## Exercise
Please set down only the lines below starting with the line with "You need to open" and going on through the line with "So that's all", verbatim and without pictures.

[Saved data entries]
——

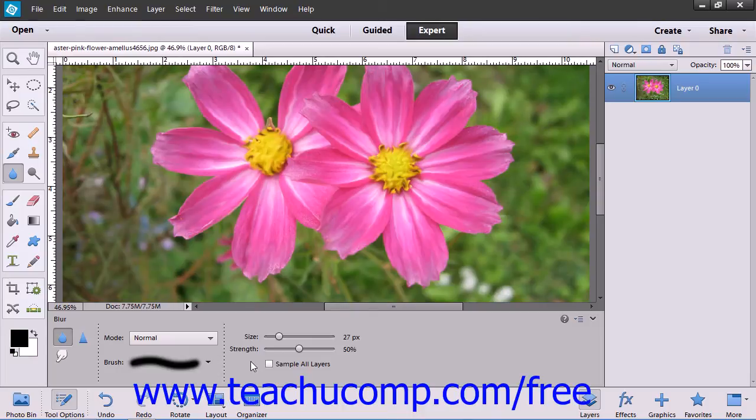After setting your options, you can then click and drag over the area in the image where you want to blur or sharpen.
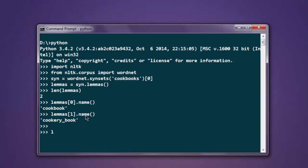And then we will simply type in lemmas, then first in its index, call for synset, then equals equals equals to lemmas and then call for first synset. Okay, so it shows true. So first and second are basically true, and that is shown here.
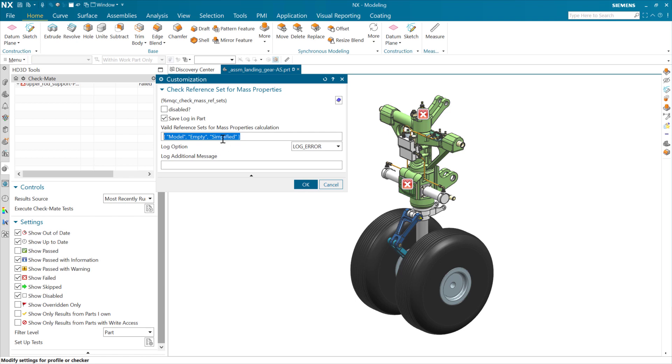The simplified reference set is also in here. We'll see that when we do some assembly simplify operations, there's some out-of-the-box operations to create simplified representations of components or sub-assemblies, and those will put some geometry into a simplified reference set that we may want to see. So anyway, these are the out-of-the-box ones. If your company uses some other ones, you're welcome to add them here, and this checker can look for those and make sure you're enforcing those.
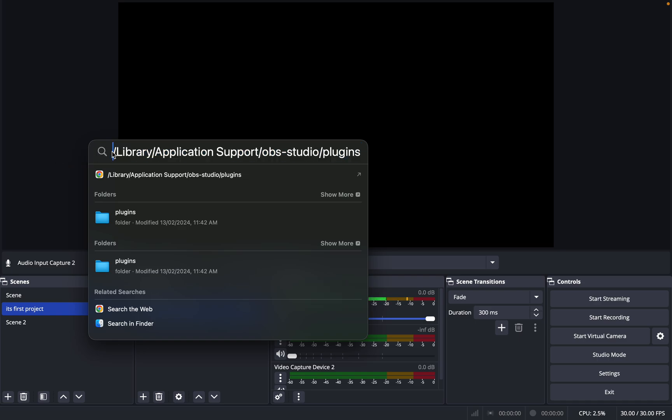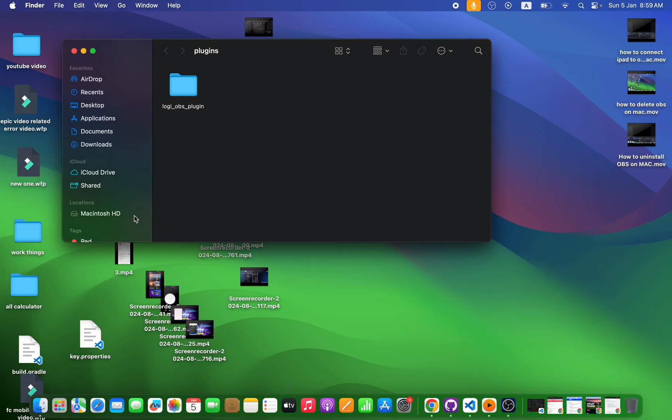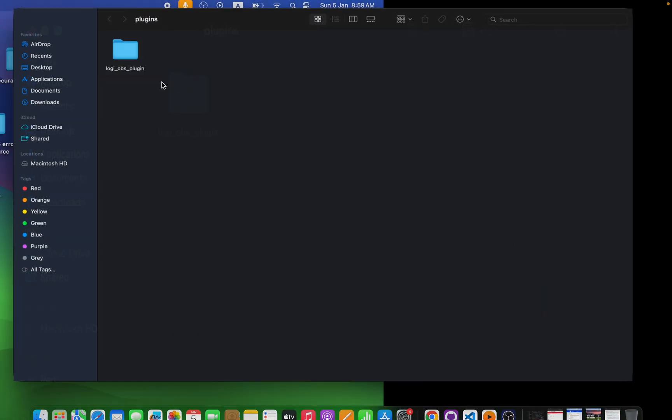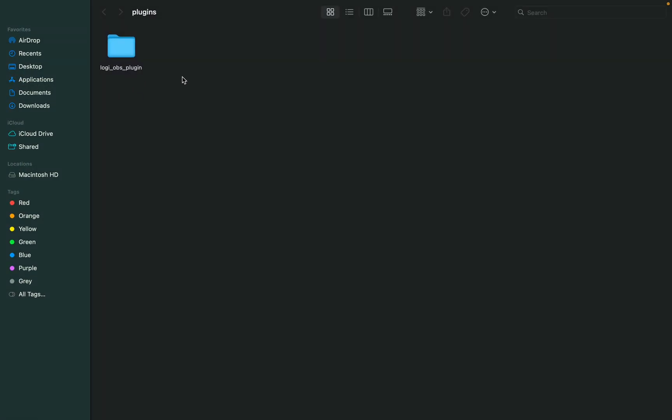You need to open the plugin folder of OBS. Once you open the plugin folder, you will be able to find this folder. You need to delete this folder, and once you delete it, then you need to restart OBS again.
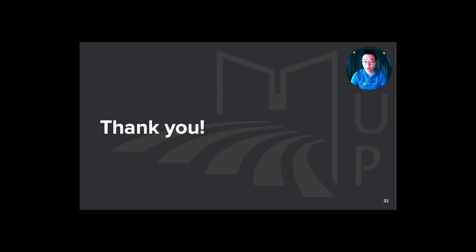So that's all for my talk today. Thank you for having me. If there are any questions, feel free to send me an email. Thank you.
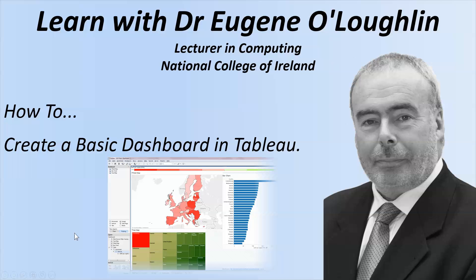Hi everybody, this is Eugene O'Loughlin, Lecturer in Computing at the National College of Ireland and welcome to my series of short how-to videos. In this video we're going to learn how to create a basic dashboard using Tableau software.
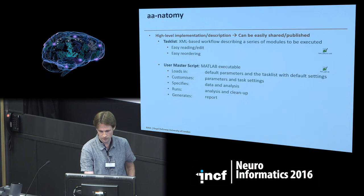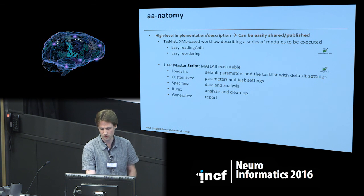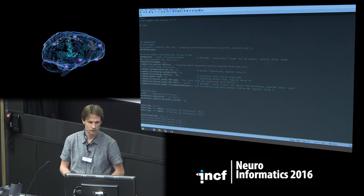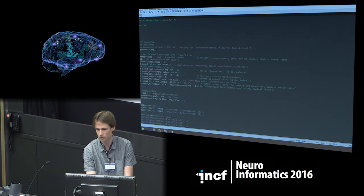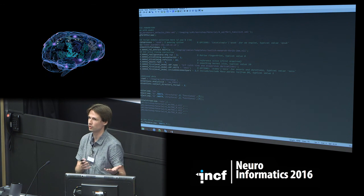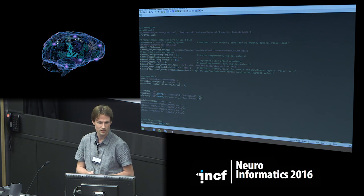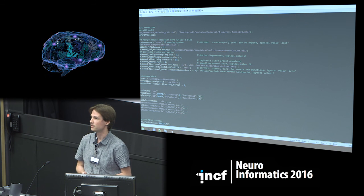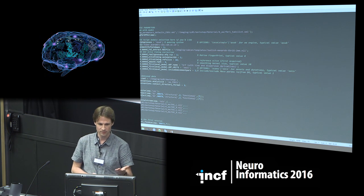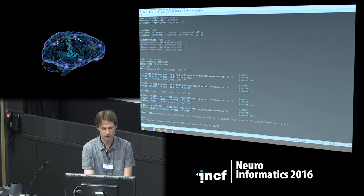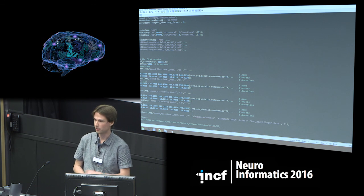The other file is the actual MATLAB script — the user master script, which is the MATLAB executable. First it loads up the task list and the configuration settings. Then you can modify the default settings stored in the XML files — for example, a different smoothing or a different basis function for your model. Then you specify where you want to put the analysis, add the data, specify the model, and run the analysis.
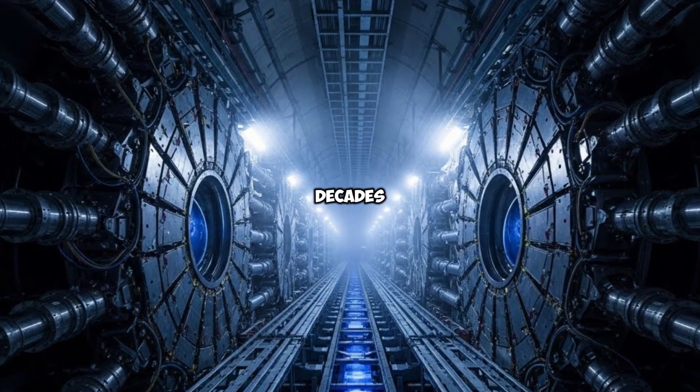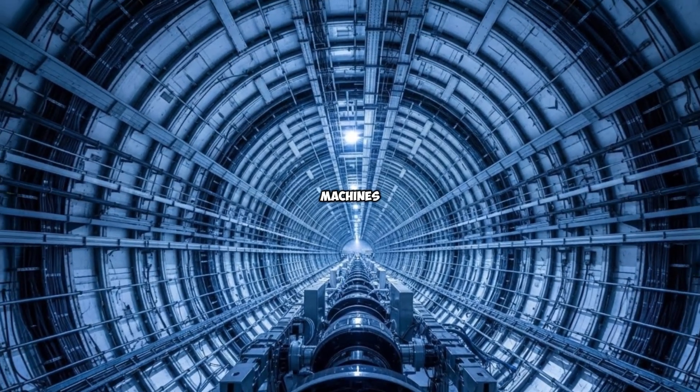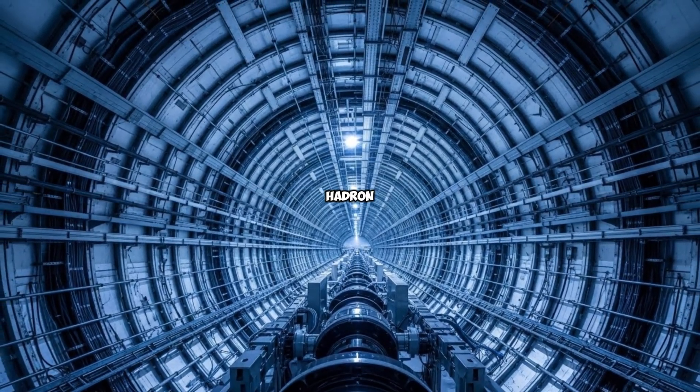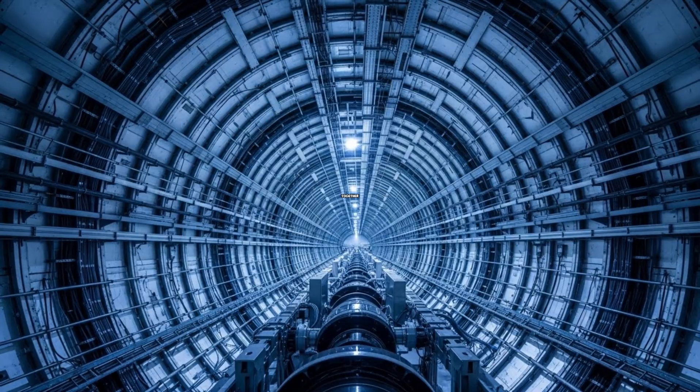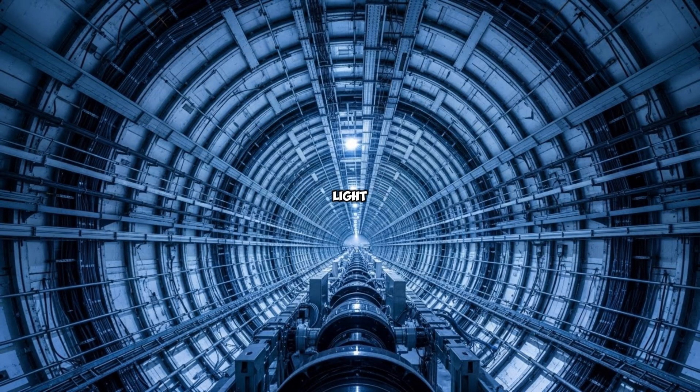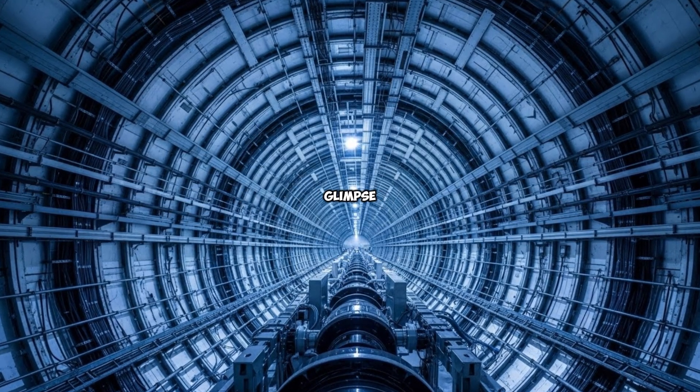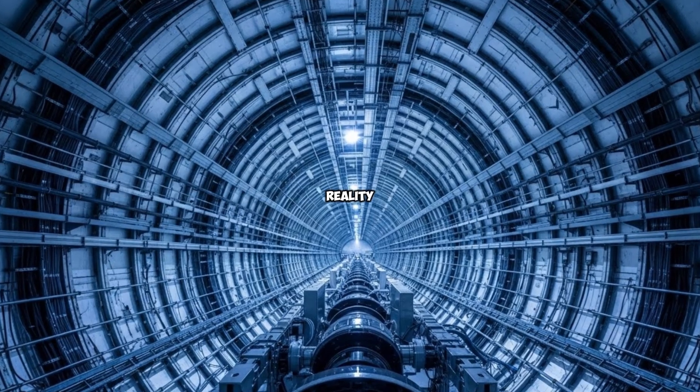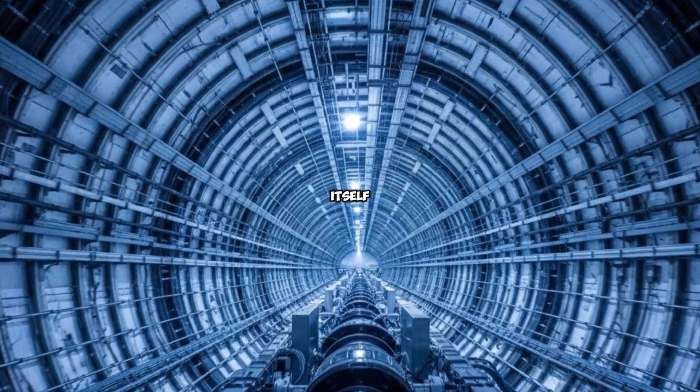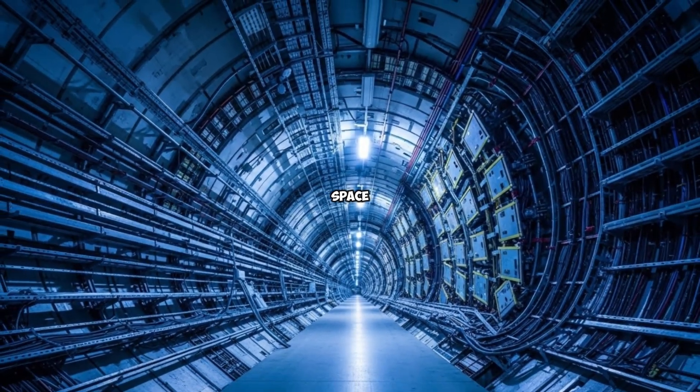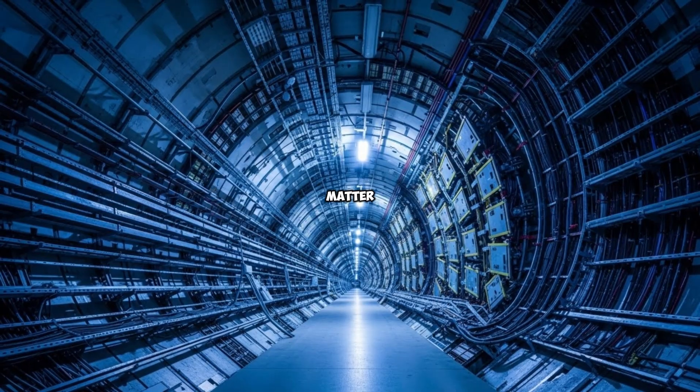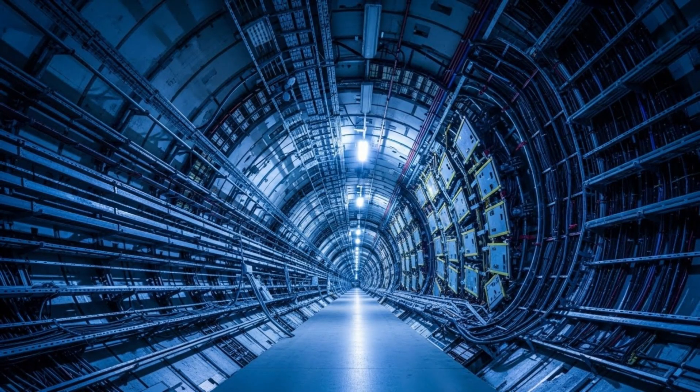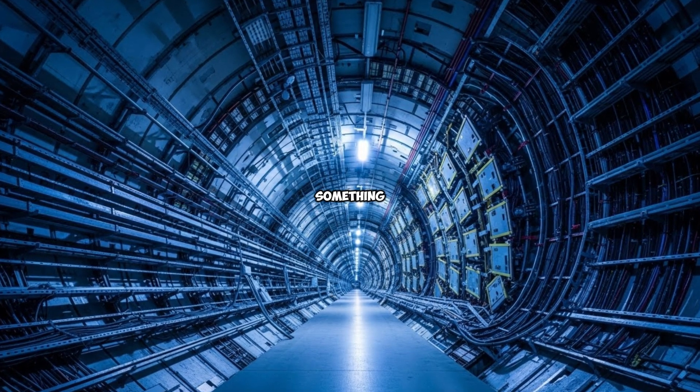For decades, scientists have used machines like the Large Hadron Collider to smash particles together at nearly the speed of light, trying to glimpse the hidden architecture of reality itself. Time, space, energy, matter. But now, they're doing something different.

——

## Result for this task
You need to open the plugin folder of OBS. Once you open the plugin folder, you will be able to find this folder. You need to delete this folder, and once you delete it, then you need to restart OBS again.
So that's all for my talk today. Thank you for having me. If there are any questions, feel free to send me an email. Thank you.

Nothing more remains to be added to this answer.